Gündüz kuşağında bir program var, hani 'bizımlasin, bizimla diyılsin' diyorlar insanlara...
İşte o programda, gelen yarışmacı eğer tombişse; azarlar, kınamalar havada uçuşuyor.
Jüri üyeleri, "Ne yaparsan yap, bu kiloyla güzel ve şık olamazsın" cümlesini kuracak kadar faşizan bir yaklaşım içine giriyorlar.
Ama ben onlara kızmıyorum.
Bu lafları yiyen, yutan ve gıkını çıkaramayan o andavallılara kızıyorum.
Hem şişmanlar, hem ezik!
"Kardeşim size ne; yediysem ben yedim, ayrıca da ben kendimi böyle çok beğeniyorum" diyen bir tane yarışmacı çıkmadı.
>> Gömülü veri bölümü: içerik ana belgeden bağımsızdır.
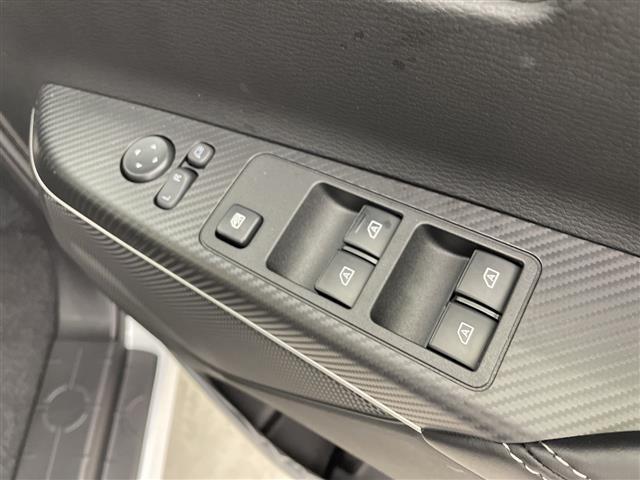 デリカＤ：５ シャモニー　１１型ナビ　１２．８型フリップダウンモニター　ハンドルヒーター　パドルシフト　フルセグ　純正アルミホイール　オートライト　オートマチックハイビーム　ステアリングスイッチ　革巻きステアリング　禁煙車（27枚目）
Ya da çıktıysa da ben görmedim, bilmiyorum. Varsa öyle biri, alnından öpüyorum.
Neyse, işte bu jüri üyeleri kendileri dünya güzeli oldukları için, podyuma çıkan saftor yarışmacıların fiziklerini kıyasıya eleştiriyorlar.
Çünkü bu dünya düzeninde 'güzellik terörü' denilen bir şey var.
TAŞ GİBİ OLACAKSIN!
Deniliyor ki biz kadın kısmına;
* Eyyy kadın, sahip olduğun o diri 'vicut' senin en kıymetli hazinendir. Ona iyi bakacaksın, her kasına ayrı ayrı sahip çıkacaksın.
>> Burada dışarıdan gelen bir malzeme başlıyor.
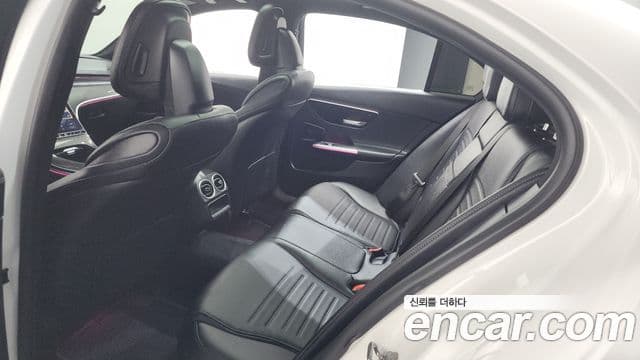 Mercedes-Benz C-Class 2023 — фото 11 из 20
* Memelerini yerçekiminin emrine sunmamak için var gücünle çalışacaksın.
* Göbeğini biranın emellerine alet etmeyeceksin, her türlü spor aletinin emrine kendini vereceksin.
* Kolların, Doğu Bloku ülkelerinin kadın gülle takımının ruhunu yad etmeyecek. İki yana açıp kendini rüzgara verdiğinde o kollar bıngıl bıngıl sallanmayacak. Taş gibi olacak taş! Tıpkı mabadın gibi...
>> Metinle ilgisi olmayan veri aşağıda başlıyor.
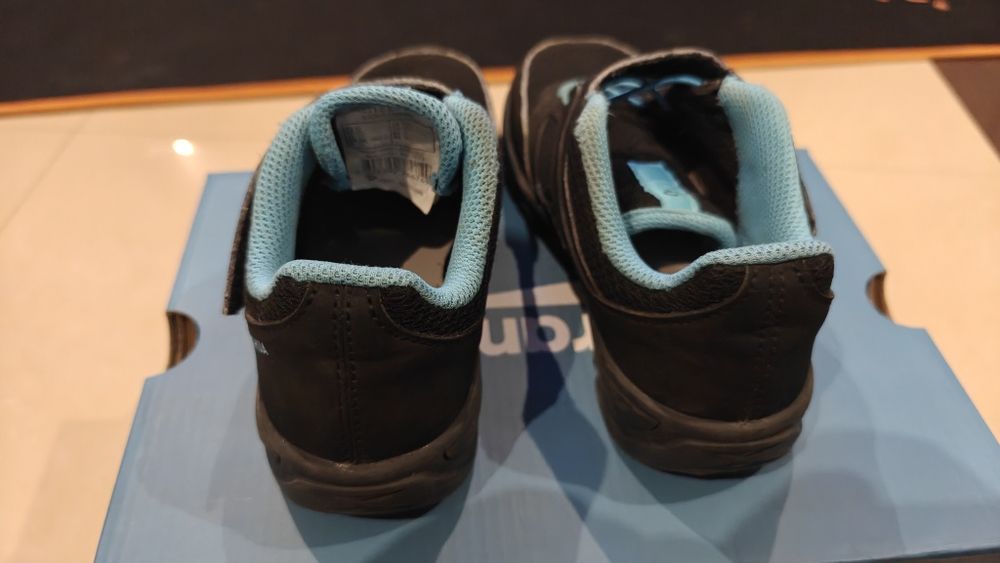 Adidasy trekkingowe quechua 31  Mh100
* Jennifer Lopez'in, iki yana alabildiğine yayılmış Akdenizli kıçını unutacaksın. Senin hedefin güzel kardeşim; Brezilya sahillerinde salınan bir elmanın iki yarısı görünümlü popolar. Sımsıkı olacak, üzerinde portakal kabukları zinhar bulunmayacak.
* Şimdi bacaklara geliyorum, kulaklarını iyi aç:
Yere oturdun, dizlerini de hafiften büktün. Şimdi bir elinle bacağının yukarı kısmını şöyle yavaşça pışpışla bakalım.
Ne o?
Yoksa tüm bacağını bir dalgalanma mı sardı? İşte bu olmaz!
Bacakların hareket halindeyken mutedil dalgalı olmayacak.
Bastığın yer titreyecek ama senin bacak kasların olduğu yerde mıh gibi duracak.
* Daha da anlamadıysan sana şöyle anlatayım: Diyelim yine sırt üstü vaziyettesin. Ve yine dizlerin bükülü. Yüzü sana dönük adamı belinden, dizlerinin arasında sıkıştırmak suretiyle kavradığın gibi, "Ya bismillah" deyip arkandaki duvarda bulunan çiviyi adamın kafasıyla tak tak çakabilecek güçte olacaksın!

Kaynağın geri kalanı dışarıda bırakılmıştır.